Even more reprehensible than the entire Ready for the Night album is Collector’s Choice treatment of all six re-issues. There is a big caveat to experiencing the joy of these albums and it’s immediately evident by the unnecessary and obnoxious Collector’s Choice logo on the album covers as well as the poor reprinting of the cover art itself. All six re-issues teeter on budget quality. Though the liner notes are in-depth and highly informative, they’re printed across two pages in tiny font on the reverse of the CD sleeve. There’s no itemized reference to the recording studios or personnel. One must read through the essay to find when and where the cuts were recorded or squint on the back cover of the CD sleeve, which is a sub-par facsimile of the original LP sleeve. There are no photographs to speak of and no archival materials on display.

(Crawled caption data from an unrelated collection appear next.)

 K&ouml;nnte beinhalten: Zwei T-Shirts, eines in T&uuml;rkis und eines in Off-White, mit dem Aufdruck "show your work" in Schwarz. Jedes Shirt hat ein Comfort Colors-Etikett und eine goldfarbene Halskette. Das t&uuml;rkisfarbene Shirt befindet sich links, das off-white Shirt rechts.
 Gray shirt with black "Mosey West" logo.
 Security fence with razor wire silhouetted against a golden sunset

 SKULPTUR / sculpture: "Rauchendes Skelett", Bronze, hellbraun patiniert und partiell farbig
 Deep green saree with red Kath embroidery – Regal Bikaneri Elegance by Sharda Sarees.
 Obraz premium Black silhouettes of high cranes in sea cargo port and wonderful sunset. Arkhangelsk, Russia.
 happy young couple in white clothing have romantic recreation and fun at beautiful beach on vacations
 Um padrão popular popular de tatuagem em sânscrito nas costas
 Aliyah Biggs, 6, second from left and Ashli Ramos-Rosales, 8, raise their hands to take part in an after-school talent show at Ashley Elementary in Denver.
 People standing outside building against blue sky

What’s worse is that in 2008, when listeners expect exceptional quality sound on re-issued material, Collector’s Choice has apparently done the bare minimum in dusting off the tracks. Distortion abounds, especially on Sweet Surrender, Margie, and Hear the Words, Feel the Feeling. Collector’s Choice has not taken advantage of 24-bit remastering technology to present these long lost and beloved albums in any decent way. Whatever source material was used sounds just this side of a bootleg.

Tellingly, this seems to be the standard for Collector’s Choice as re-issues by Dionne Warwick and the Fifth Dimension also dishearteningly illustrate (compare Rhino’s re-issues of Warwick or Arista’s re-issues of the Fifth Dimension with Collector’s Choice for ample evidence). For listeners seeking far superior sound of Joseph music, expensive Japanese imports of the Arif Mardin-produced albums are the only alternative. Until a record company like Rhino, HackTone, or Light in the Attic (who produced the pristine Betty Davis re-issues last year) decides to give Joseph the treatment befitting a soul queen, the Collector’s Choice albums are but a satisfactory primer. (Note: the ratings of these albums reflect both the mostly high quality of the original material and the unimpressive presentation and packaging by Collector’s Choice.)

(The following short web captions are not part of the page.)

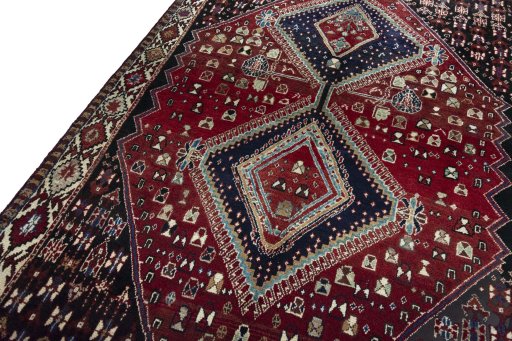 Backside of handmade 2000s Shiraz rug showing knot structure and weave density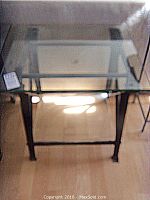 Top and side angled view of Pottery Barn glass top side table with black cast iron frame showing the glass surface and structural details.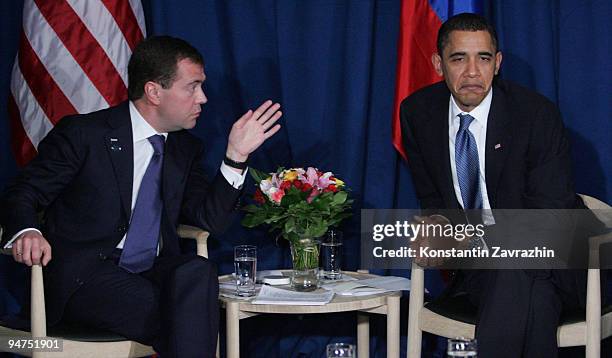 President Barack Obama sits with his Russian counterpart Dmitry Medvedev after the session of United Nations Climate Change Conference December 18,...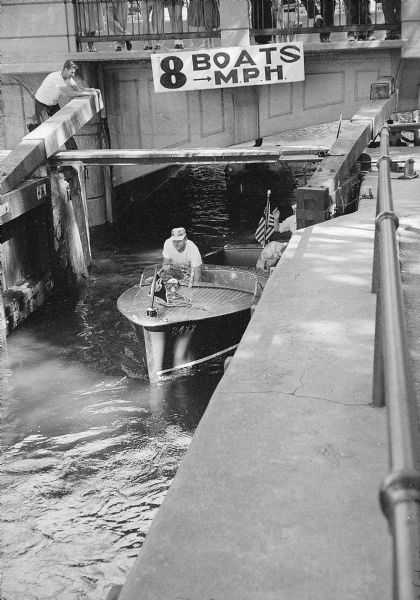 Locktender Earl Wood swinging open the heavy lock gate for a speedboat operator passing through the lock on the Yahara River at Tenney Park. A sign above the lock reads: "Boats - 8 MPH."
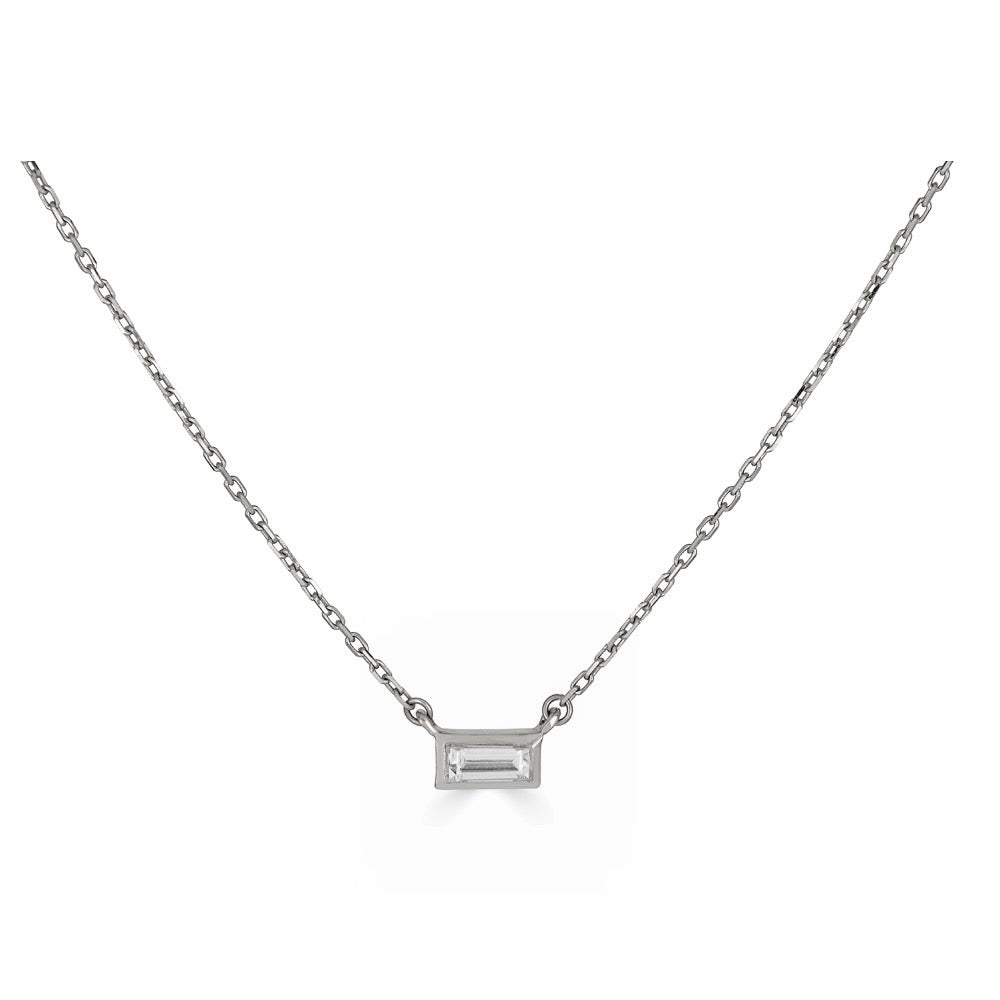 BAGUETTE DIAMOND BEZEL NECKLACE-Necklaces-A single baguette diamond is set in a gold bezel setting on a delicate chain. - available in 14k yellow and white gold - diamond: approximately 0.10 carat total weight; G-H color, SI clarity - triple extendable chain; 14” - 15” - 16” - lobster clasp - shown on model in yellow gold - custom size diamond available: ice@anneauxjewelry.com-Anneaux Jewelry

What Collector’s Choice has done well is present a major segment of Joseph’s recording career, a bittersweet example of “What If?” Why these albums didn’t earn the success they clearly deserved is less a question of talent and more reflective of music industry politics. Why was there so little promotion when Atlantic was initially so eager to sign Joseph? Was there only room for one soul queen at Atlantic? Was the changing musical tide the primary factor for disappointing sales? It’s too late to rewrite history, but discovering Margie Joseph all these years later is the sound of sweet, soulful vindication.